The goal of this exploration is to showcase how the world of digital finance is evolving and how these changes can be integrated with eco-friendly policies and projects. The simulated trials for this project are scheduled to take place in the third and fourth quarters of 2024.
Within the CBDC system, CBDCs, tokenized deposits, and tokenized e-monies will be issued and circulated. CBDCs play a crucial role as anchors in the CBDC ecosystem, facilitating seamless exchanges between tokenized deposits and tokenized e-monies. The CBDC system will also be interconnected with external systems, tailored to specific use cases such as carbon credit exchanges.

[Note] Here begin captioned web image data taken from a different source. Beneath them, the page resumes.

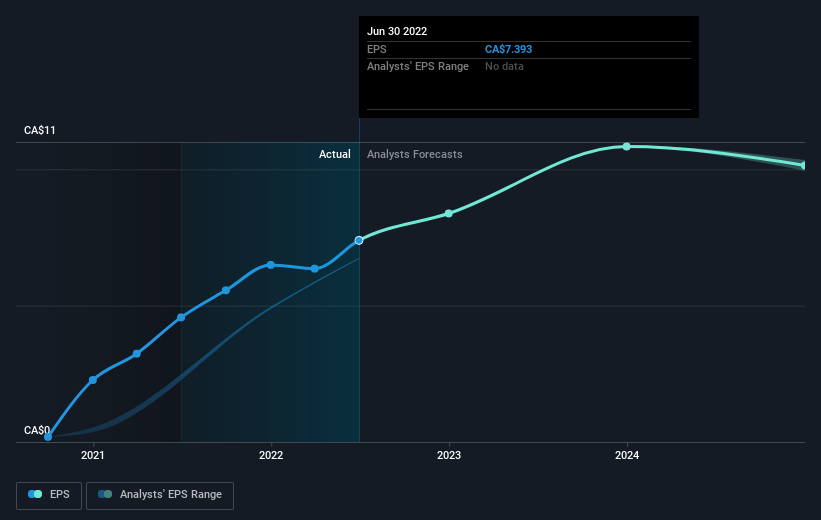 earnings-per-share-growth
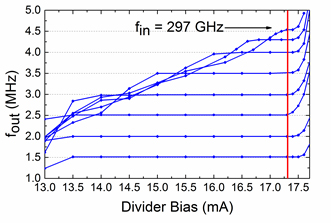 Plot of measured output frequency of a 16-stage static divider.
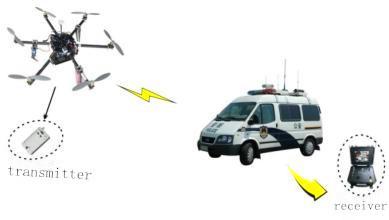Quality LKAV1614  Drone Video Transmitter 5-20km Mini Size Rugged Housing for sale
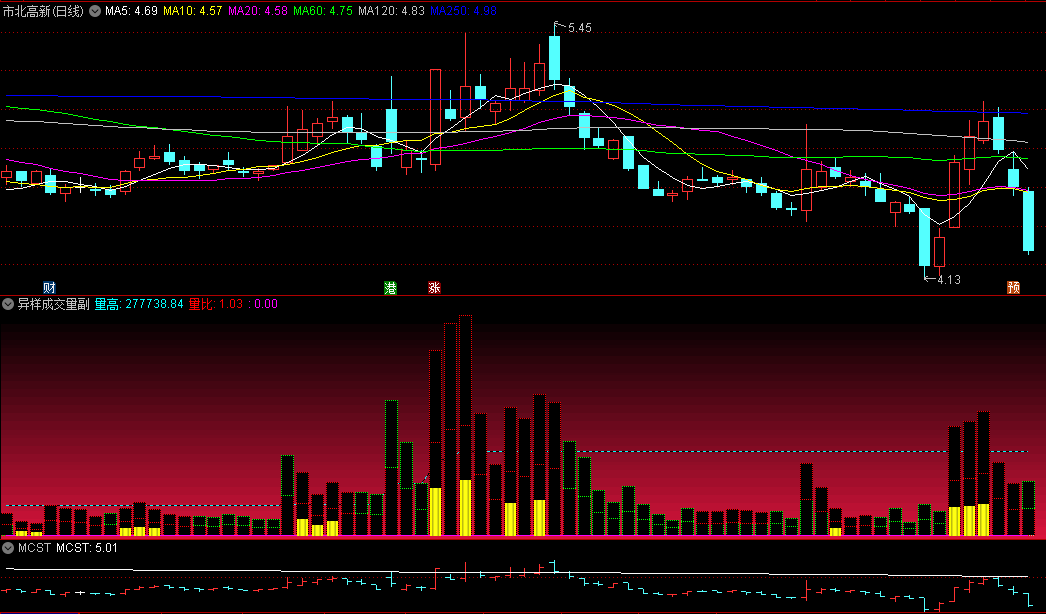 〖异样成交量〗副图指标 成交量选股 自用收藏的 无未来 通达信 源码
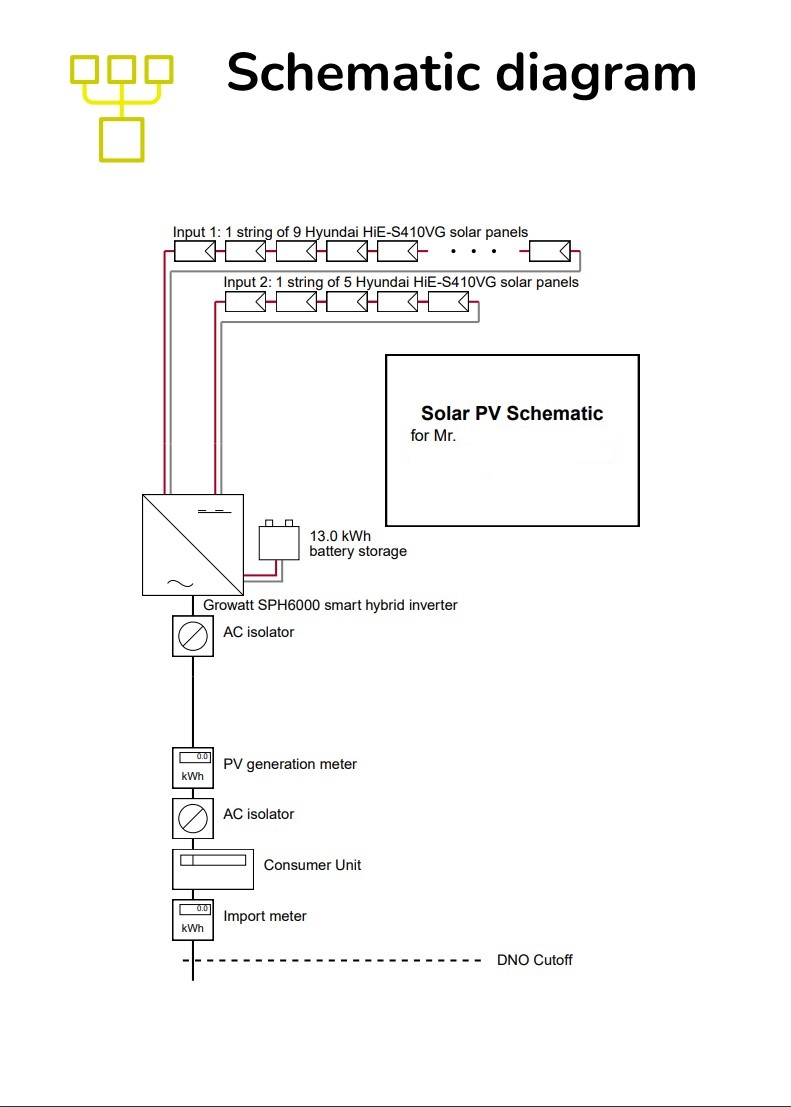 Schematics.jpg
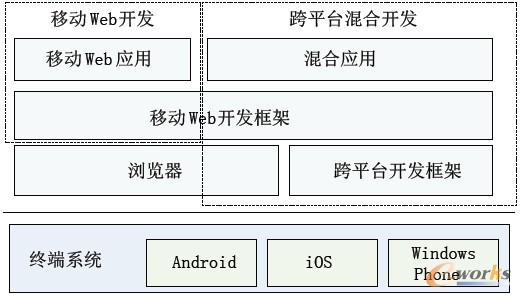 �D3 �Ƅ�Web�_�l�c��ƽ�_����_�l���Pϵ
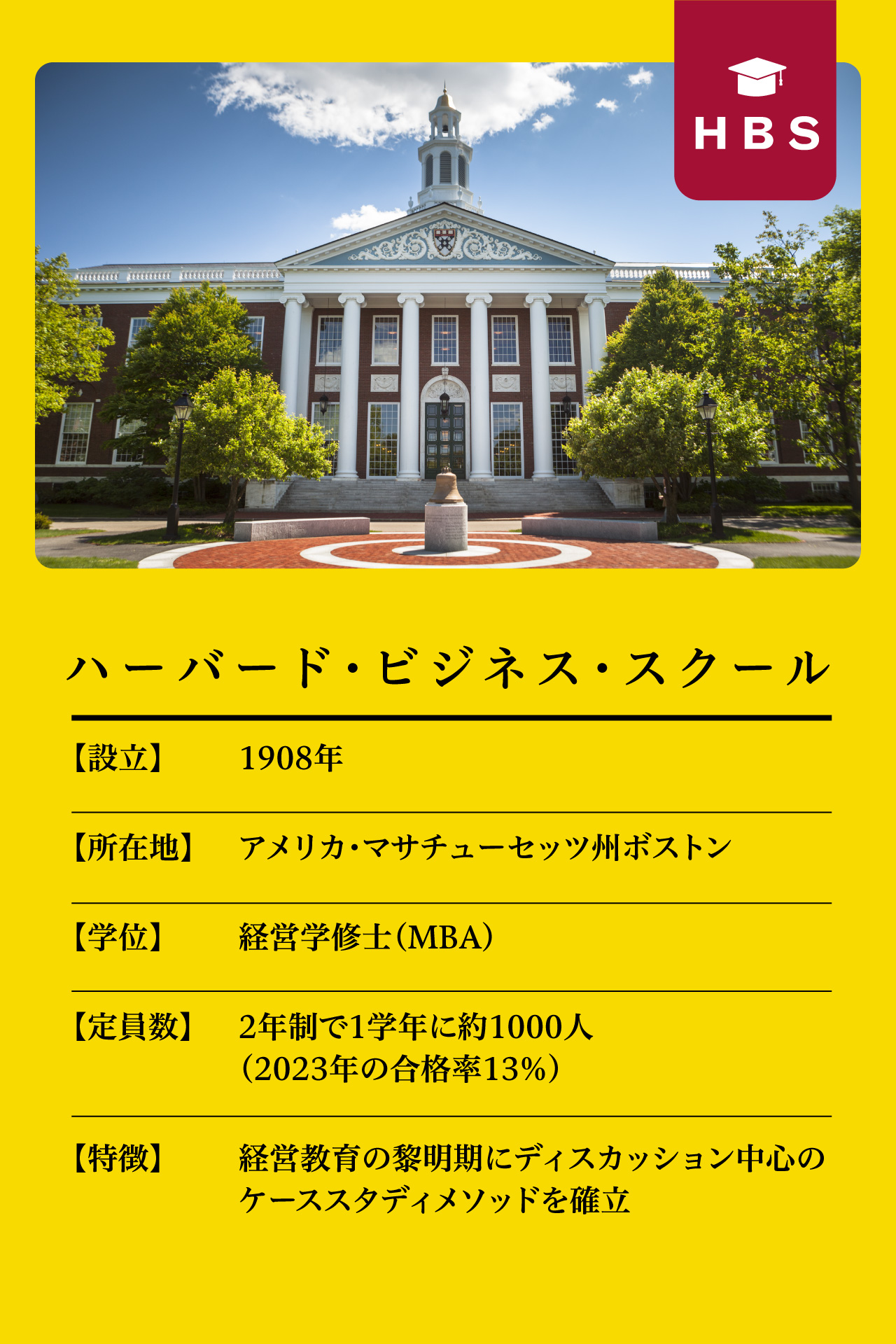 ハーバードMBA。商社を去り、2年で3千万円の“自腹の道”へ | JobPicks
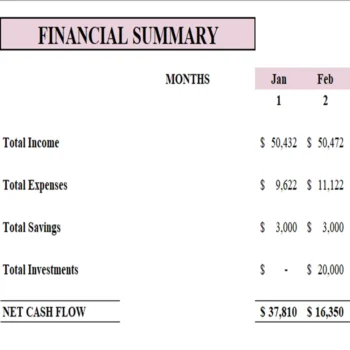 Cash Flow Quadrant Tracker Excel Financial Tool - Financial Summary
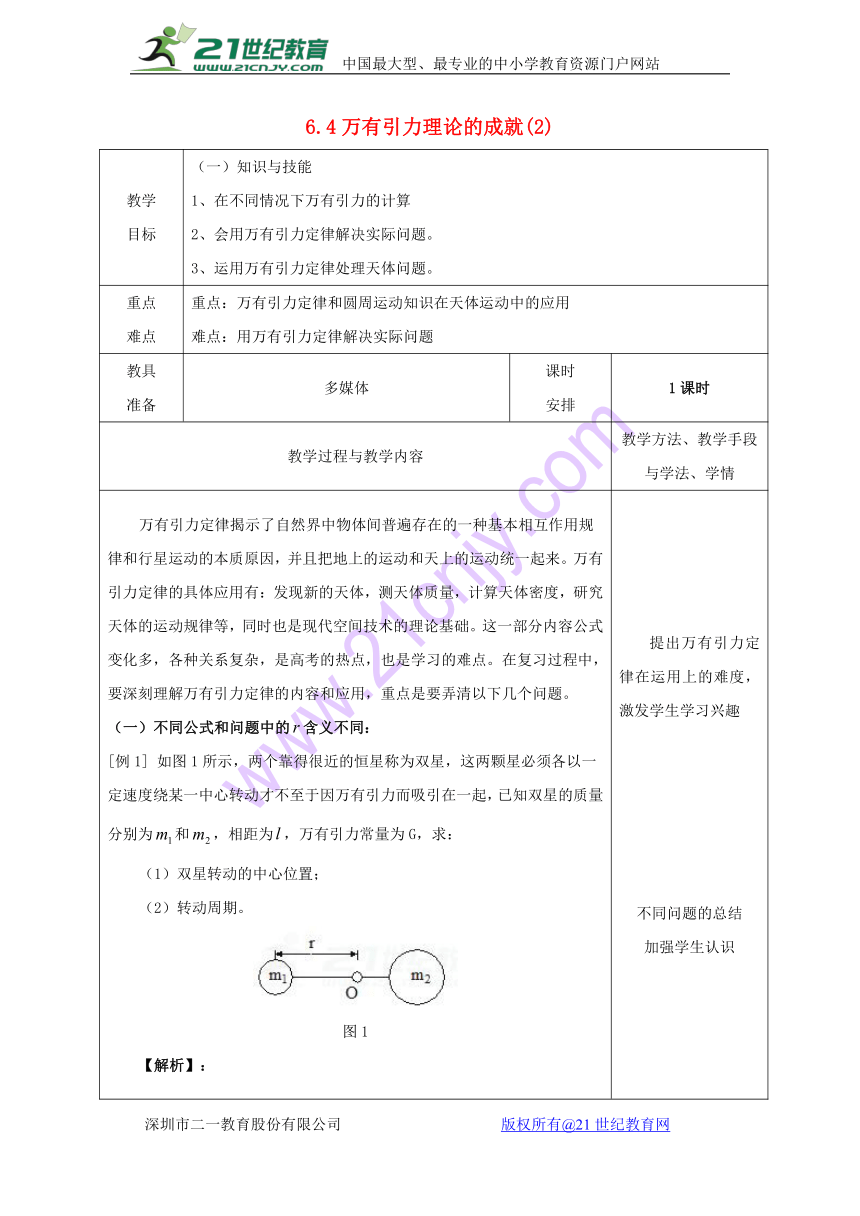 广东省揭阳市高中物理第六章万有引力与航天6.4万有引力定律的理论成就（2）教案新人教版必修2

Interlinking with Carbon Credit Exchange
The BIS notes that the CBDC system can be interlinked with a carbon credit exchange. By utilizing a payment token issued solely for use within the designated ledger, the system can ensure smooth transactions involving tokenized assets like carbon credits. This allows for the simultaneous execution of delivery and payment processes in a Delivery versus Payment (DvP) manner.
Preparing for the Future
The Bank of Korea acknowledges that the immediate issuance of a CBDC is not necessary. However, they believe it is crucial for the country and its citizens to be prepared should a digital currency be issued in the future. With numerous countries and central banks exploring CBDC issuance, the Bank of Korea recognizes the likelihood of needing to issue a CBDC within the next five to ten years.
Pilots for CBDC Implementation
To ensure quick decision-making regarding CBDC introduction, the BOK has launched several pilot projects. These preparations are driven by factors such as the decline in cash usage, concerns about the market dominance of big tech companies, and the increasing acceptance of global stablecoins. The BOK aims to conduct in-depth studies on CBDC architecture and implementation to minimize disruption to consumers and position CBDC as a universal public currency infrastructure supporting the digitalized economy.
Korea Exchange’s Role
The Korea Exchange is currently conducting simulated experiments using distributed ledger technology (DLT) and plans to support listed security tokens in the future. This collaboration between the BOK and the Korea Exchange signifies a move towards digitalization and demonstrates the integration of technology into financial practices. The Korea Exchange recognizes the global trend of research on distributed ledger technology and aims to contribute to the development of the financial market infrastructure.
Both the Korea Exchange and BOK emphasize that this collaboration is a test and will not impact the functioning of current carbon credit markets. Further details of the partnership will be shared in the coming month.